Indian-American AC Charania To Become NASA’s Chief Technologist

| Updated: January 10, 2023 6:52 pm

An Indian American with extensive experience in the aerospace sector has been named NASA’s new Chief technologist. He will be Administrator Bill Nelson’s primary advisor on technology policy and initiatives at the space agency’s headquarters.

According to a statement released by NASA on Monday, AC Charania will oversee technology engagement with other government agencies, the private sector, and external stakeholders while also coordinating NASA’s agency-wide technology investments with mission priorities across six mission directorates. Within NASA’s Office for Technology, Policy, and Strategy, the post is located.

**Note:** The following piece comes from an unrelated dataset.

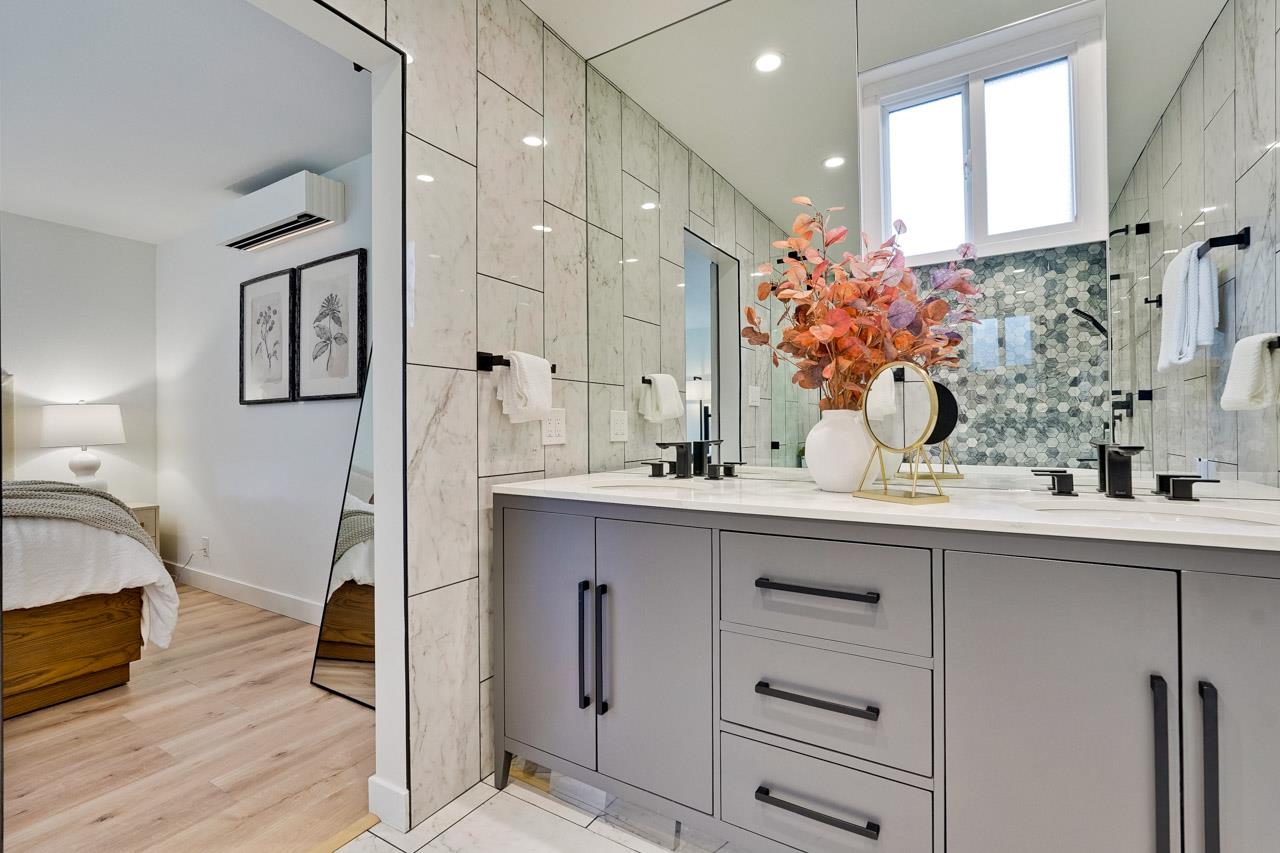 Detail Gallery Image 58 of 79 For 1010 Roosevelt Ave, Redwood City,  CA 94061 - 3 Beds | 2 Baths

Bhavya Lal, NASA associate administrator for technology, policy, and strategy said, “Technology plays a vital role in every NASA mission. Making sure that we’re pursuing the best policy objectives allows this agency to continue to serve as a global leader in innovation.”

Before Charania was appointed, Lal held the position of acting chief technologist. Charania started working at NASA Headquarters on January 3. Charania said, “The rate of advancement we seek in the 21st century is dependent upon selecting and maturing a portfolio of technologies into systems to execute our missions. With this in mind, there are incredible opportunities in partnerships within and outside of NASA. I now look forward to the opportunity to work with the entire community to increase the rate of space and aviation progress.”

He was vice president of product strategy at Reliable Robotics, a company that strives to introduce approved autonomous vehicles to commercial aviation before he joined NASA. In the past, he has also contributed to the development of Blue Origin’s plan for lunar permanence, the Blue Moon lunar lander programme, and numerous technical efforts with NASA.

For the LauncherOne small satellite launch vehicle programme at Virgin Galactic (now Virgin Orbit), Charania has also worked in strategy and commercial development.

He holds degrees in aerospace engineering from the Georgia Institute of Technology and Emory University as well as a bachelor’s in economics.